Hilary Maddocks, who wrote in The La Trobe Journal No.77 on an early printed Book of Hours from Paris, here writes on Geofroy Tory's 1531 Book of Hours, a book on which Foxcroft published a little pamphlet 70 years ago. Out of her close knowledge of the book trade in the period she is able to show why she regards this example of an illustrated French Renaissance printed book as ‘precious’, and warranting ‘further scholarly attention’.
Two members of the staff of the State Library, Olga Tsara and Juliet O'Conor, both of whom have held Fellowships that enabled them to research in their fields of specialisation, write about books that are historical markers.
Olga Tsara explains the imperial origins of Linnaeus Tripe's handsome 1857 collection of photographs of Burma, and its importance in the history of photography.

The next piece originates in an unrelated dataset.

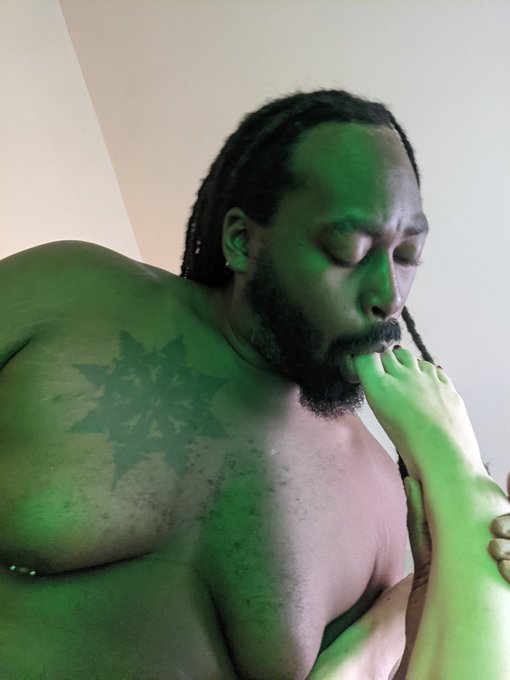 Toe sucking anyone? #feet #footfetish #toessucking #pornhub #loveit https://t.co/tkZthndZZ8<a href="/tag/feet"class="tags">#feet</a><a href="/tag/footfetish"class="tags">#footfetish</a><a href="/tag/toessucking"class="tags">#toessucking</a><a href="/tag/loveit"class="tags"><span>#loveit</span></a><a href="/tag/pornhub"class="tags"><span>#pornhub</span></a>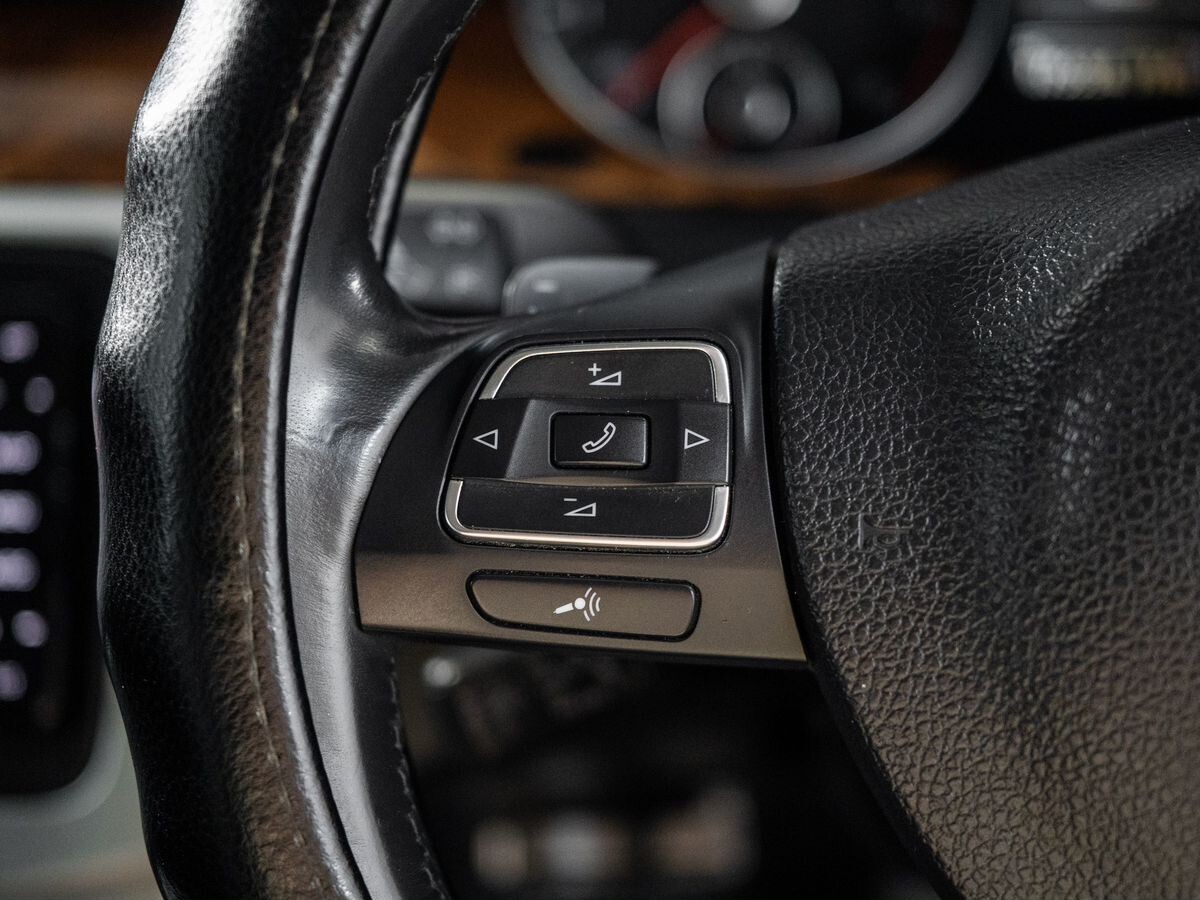 Volkswagen Passat 2011 - фото автомобиля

That the Library holds a copy of this book, of which only seven are known to survive today, is another example of the breadth of vision shown by Redmond Barry who, as she points out, established the oldest photographic collection in Australia.
Juliet O'Conor introduces a book that is bound to attract increasing attention as the body of Indigenous Australian writing grows. In explaining the background of the author and the illustrator of The Legends of Moonie Jarl, the article, incidentally, adds a further perspective on the extraordinary life of J. B. Gribble, who appears in a number of contexts in Australian history. It is fascinating to discover that the clergyman who persuaded Ned Kelly to return his watch after it was stolen by the gang, the unnamed ‘evangelist’ in chapter IV of Furphy's Such is Life, the author of Dark Deeds in a Sunny Land, and the man whose tombstone bears the inscription ‘Blackfellow's Friend’, was the white grandfather of Wilf Reeves and Olga Miller, who created the first Indigenous Australian children's book.
Finally, a note about our last number, which contained two articles on the restored Shakespeare Window, now installed in the State Library. The conservation of the window was made possible by the generosity of Ciba Specialty Chemicals Pty. Ltd., a State Library of Victoria Foundation sponsor, and its installation was assisted by a grant from the Ethel Cutten Bequest. Copies of the Journal, which has some colour photographs of repairs to the stained glass, can still be obtained from the Foundation. And, of course, members of the public are always welcome to visit the Library and see the window for themselves.